◆ EXTRACTED RECORDS:
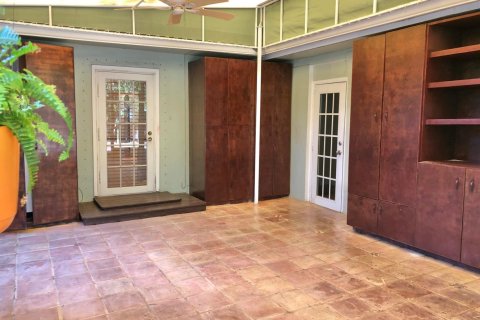Villa ou maison à vendre à Hollywood, Floride: 3 chambres, 151.99 m2 № 2147236 - photo 28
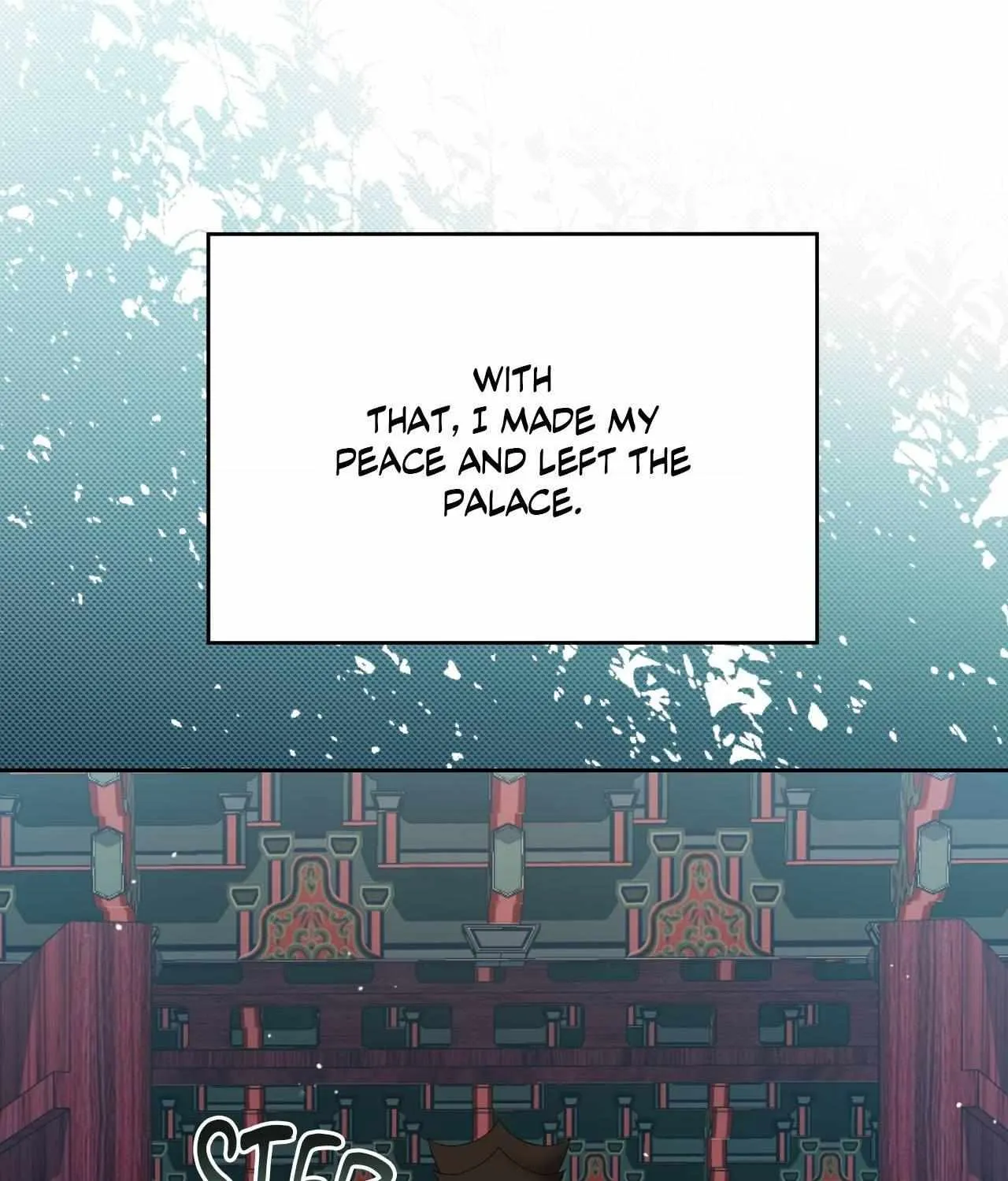 Read Possessed by omega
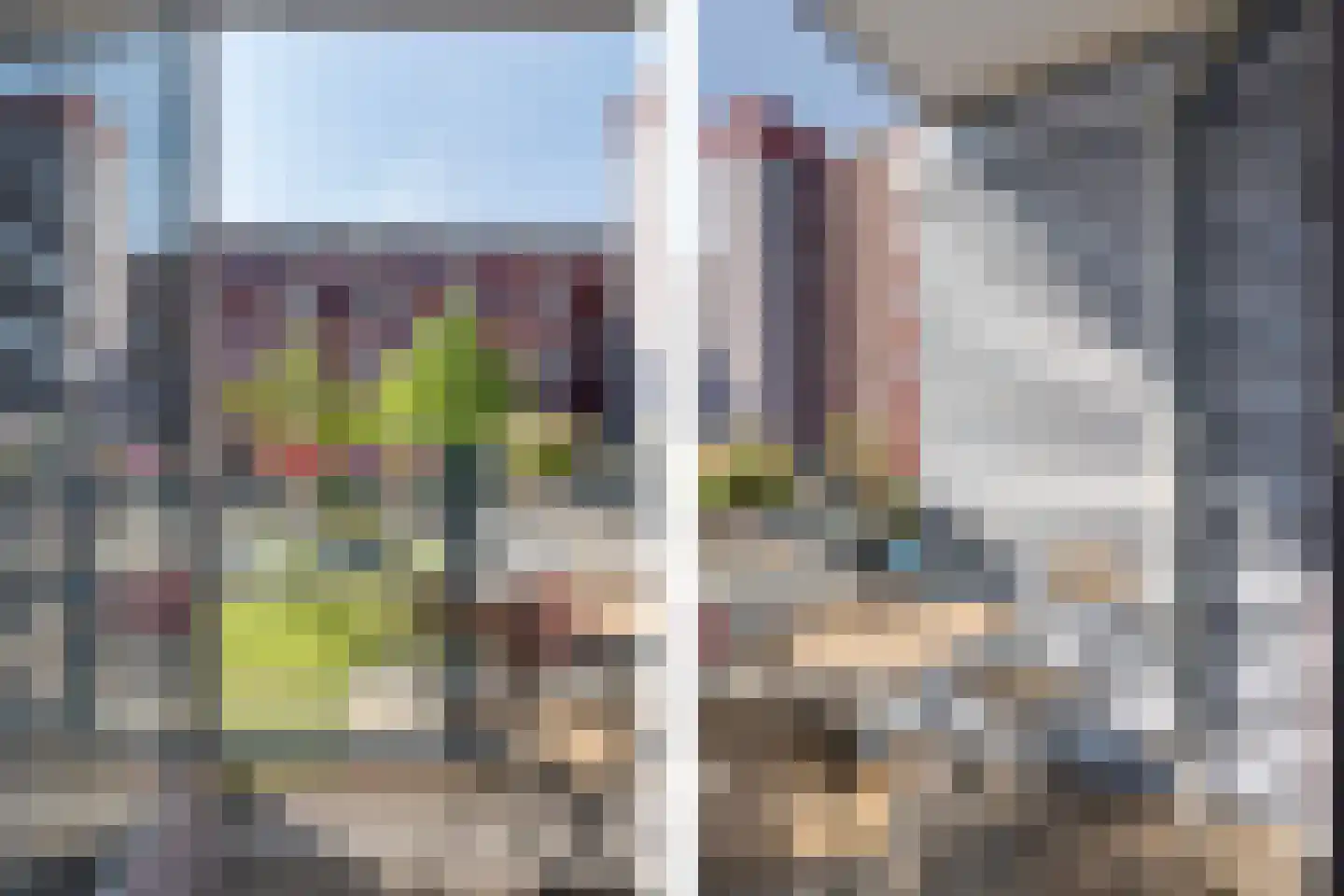 Ds van den Boschlaan 57 Rijswijk thumbnail 21
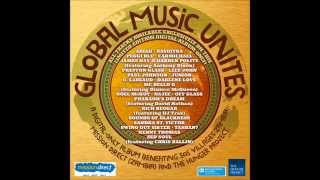 GLOBAL MUSIC UNITES Clip-2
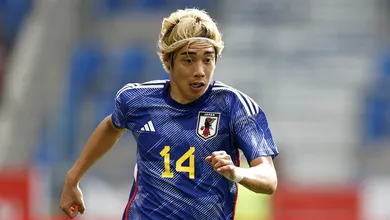 De Junya Ito a Kendry Paez, 25 destaques individuais da Data Fifa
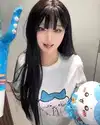 yingyinng_ Altpins Profile Picture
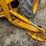 deere-310b-image-21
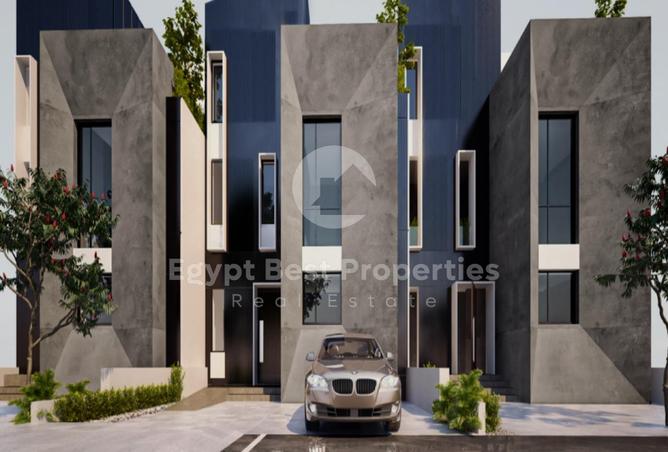 8556136 - صورة العقار 2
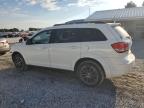 DODGE JOURNEY SE photo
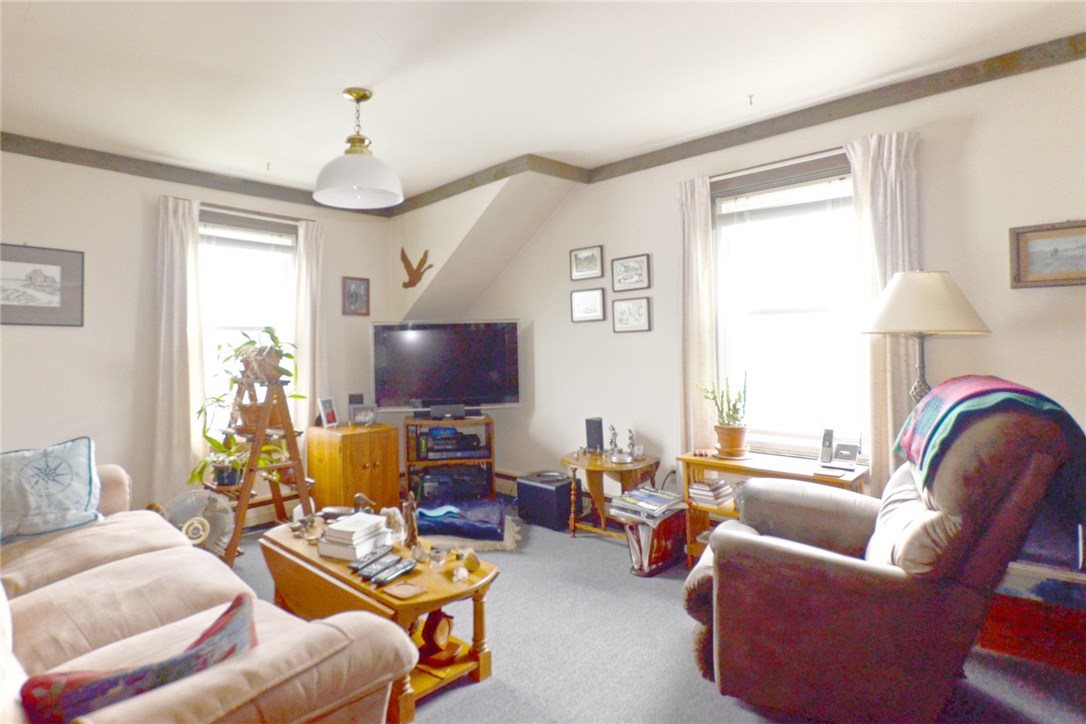 3311 East Main Road Portsmouth, RI 02871 - Photo 20 of 20 Gallery Image 20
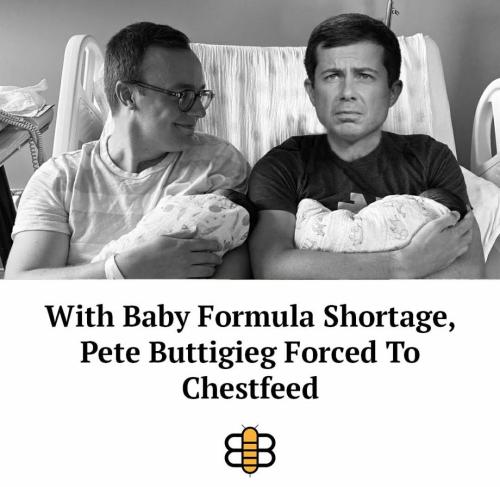 Come On, MEMES! (36)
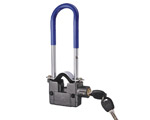 Product Type:HXA-003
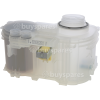 Thermador Water Softener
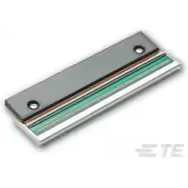 TE Connectivity-1-2186504-1 Verschiedene Produkte T3212-Printer-Print Head 300DPI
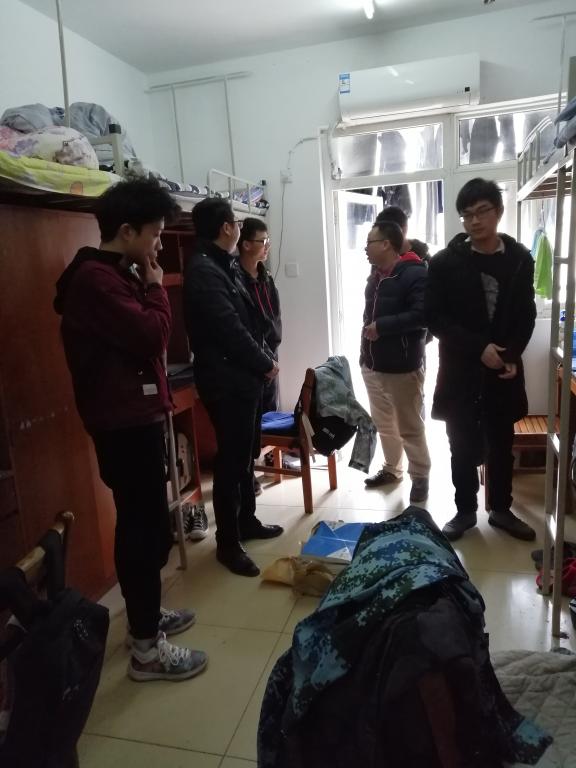 威廉希尔williamhill官网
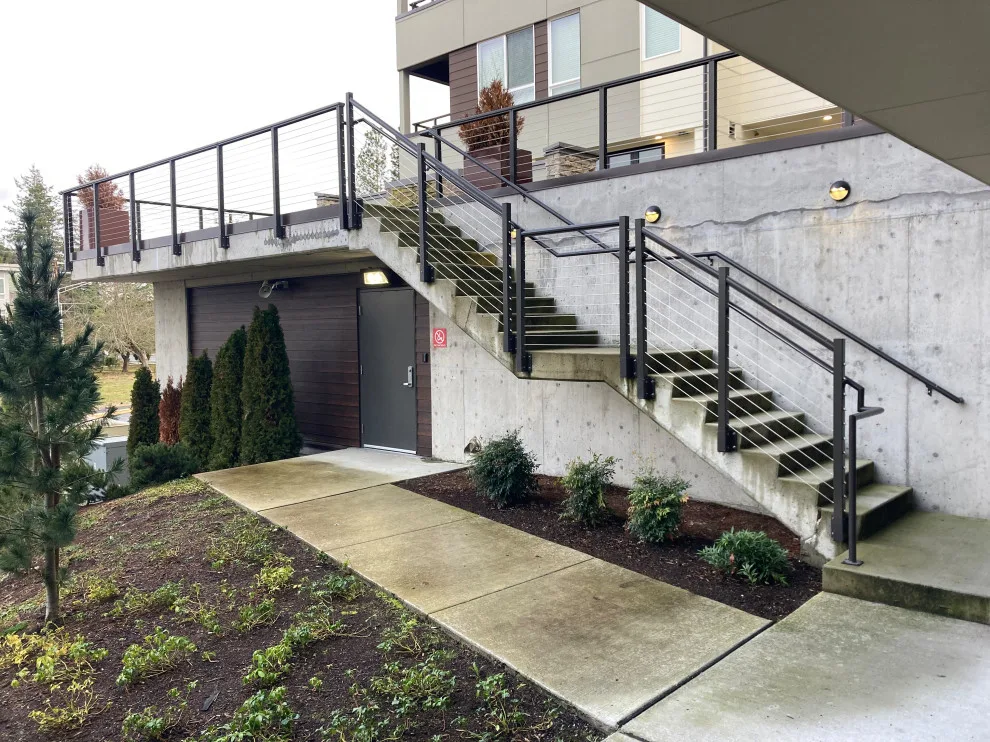 American Patio Covers - Photo 2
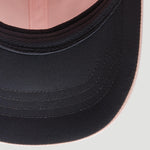 Product thumbnail 4 of 5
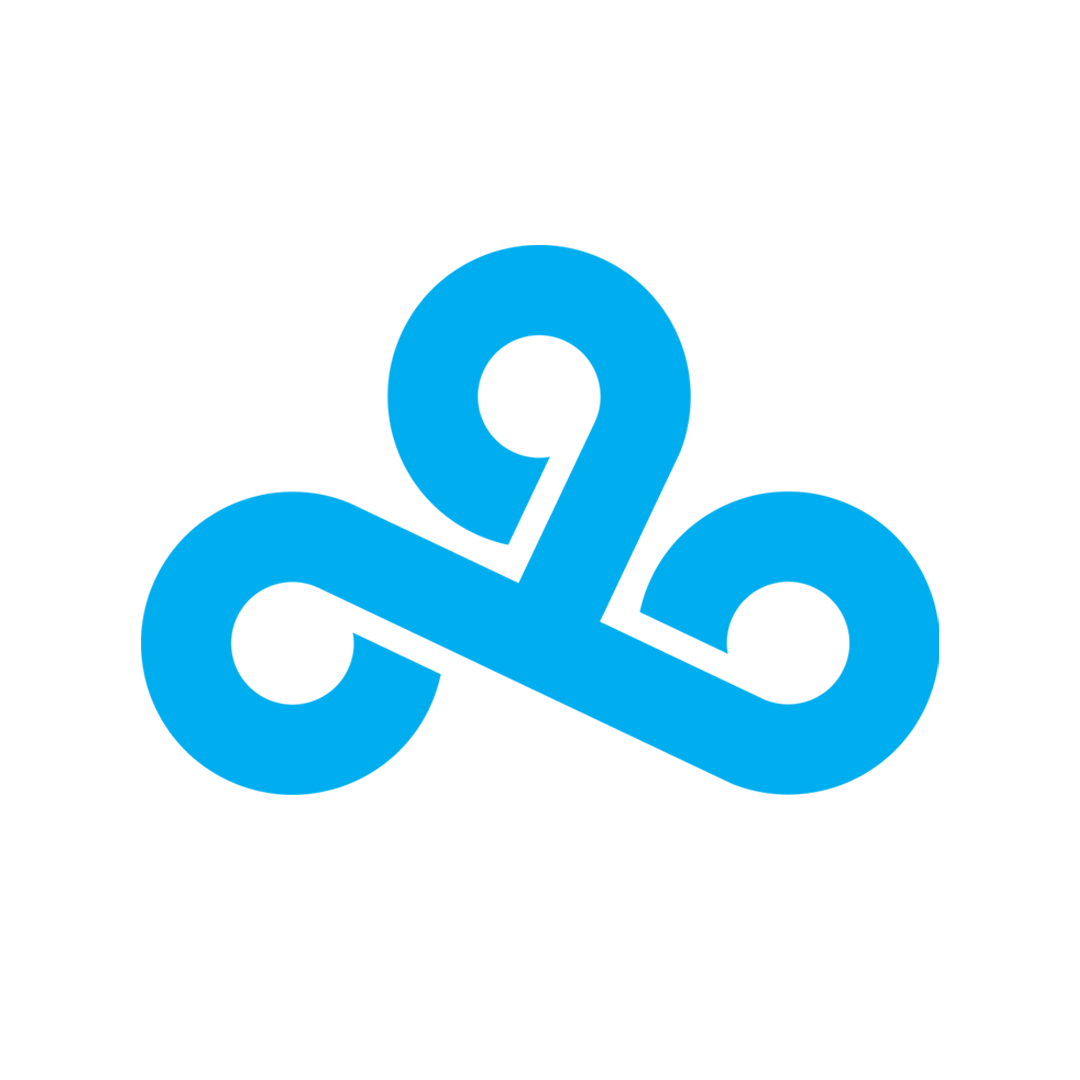 esports's tweet photo. Cloud9 returns to Call of Duty ☁️9⃣

The organization will reportedly acquire 2023 CDL champions, the New York Subliners. https://t.co/6CpAGktfv7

◆ WORK INSTRUCTIONS: Every entry above should be restated word for word, with the images left out.

◆ SOLUTION TO THIS PROBLEM:
Villa ou maison à vendre à Hollywood, Floride: 3 chambres, 151.99 m2 № 2147236 - photo 28
 Read Possessed by omega
 Ds van den Boschlaan 57 Rijswijk thumbnail 21
 GLOBAL MUSIC UNITES Clip-2
 De Junya Ito a Kendry Paez, 25 destaques individuais da Data Fifa
 yingyinng_ Altpins Profile Picture
 deere-310b-image-21
 8556136 - صورة العقار 2
 DODGE JOURNEY SE photo
 3311 East Main Road Portsmouth, RI 02871 - Photo 20 of 20 Gallery Image 20
 Come On, MEMES! (36)
 Product Type:HXA-003
 Thermador Water Softener
 TE Connectivity-1-2186504-1 Verschiedene Produkte T3212-Printer-Print Head 300DPI
 威廉希尔williamhill官网
 American Patio Covers - Photo 2
 Product thumbnail 4 of 5
 esports's tweet photo. Cloud9 returns to Call of Duty ☁️9⃣

The organization will reportedly acquire 2023 CDL champions, the New York Subliners. https://t.co/6CpAGktfv7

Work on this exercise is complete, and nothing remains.